- _PROBLEM TO SOLVE_: Starting at the line that contains "Used 2023 Ford Escape SE image 9" and stopping at the line that contains "300 uomini in", restate each line of the records below exactly. Omit the pictures.

- _RECORD SET_:
▼
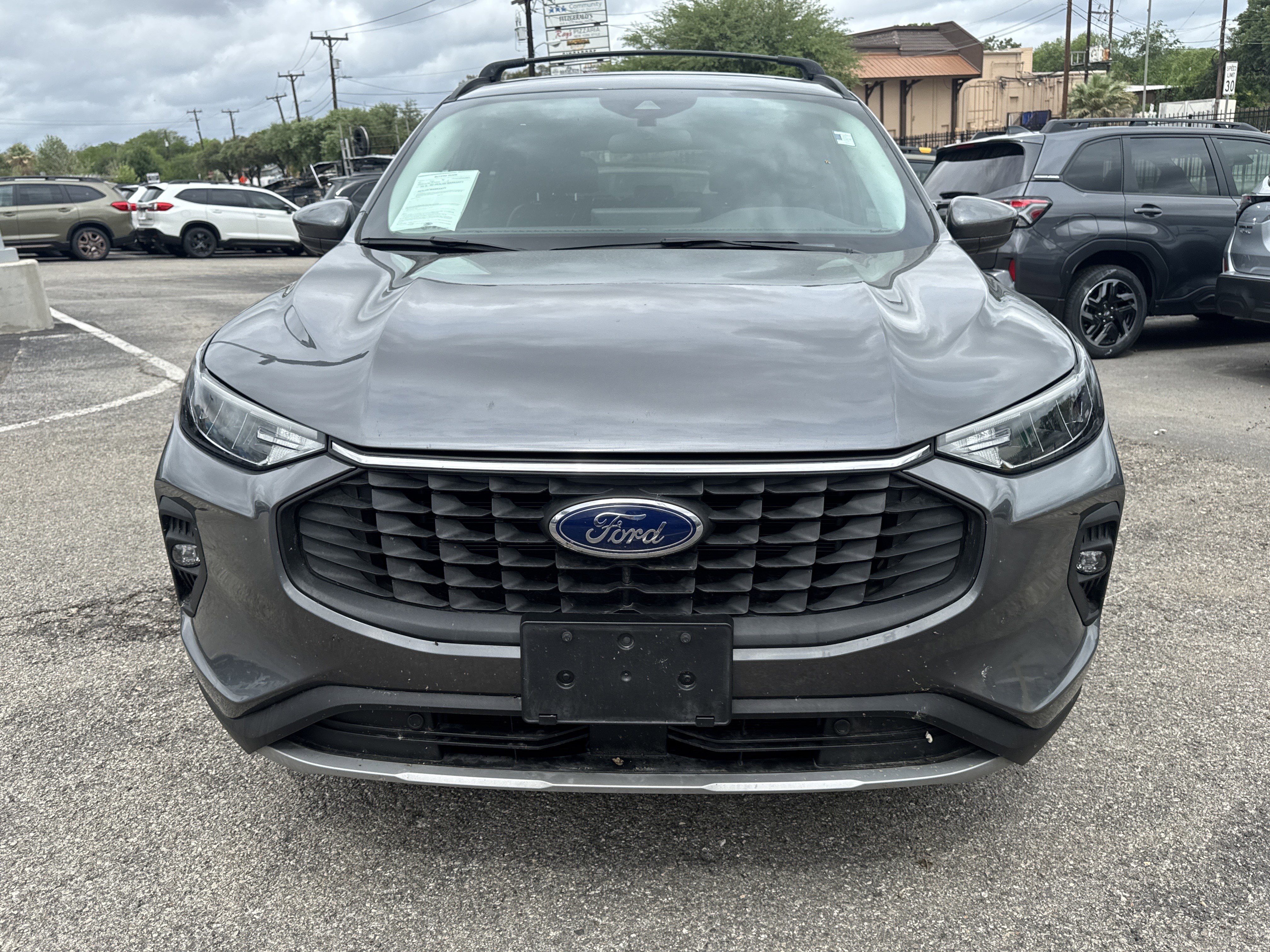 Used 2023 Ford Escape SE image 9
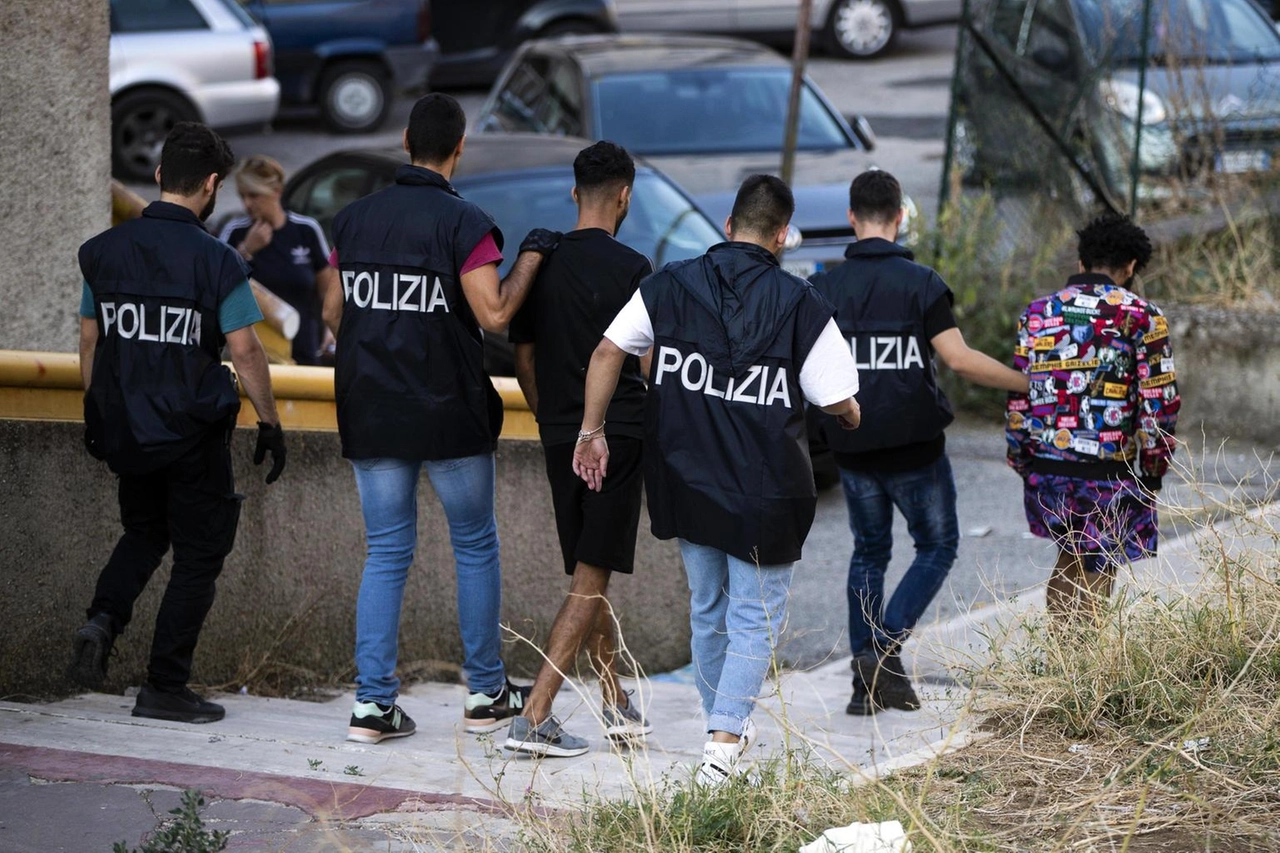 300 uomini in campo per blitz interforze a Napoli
▲
▼
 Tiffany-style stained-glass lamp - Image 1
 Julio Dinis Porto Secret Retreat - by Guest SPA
▲
- _WRITTEN RESPONSE_:
 Used 2023 Ford Escape SE image 9
 300 uomini in campo per blitz interforze a Napoli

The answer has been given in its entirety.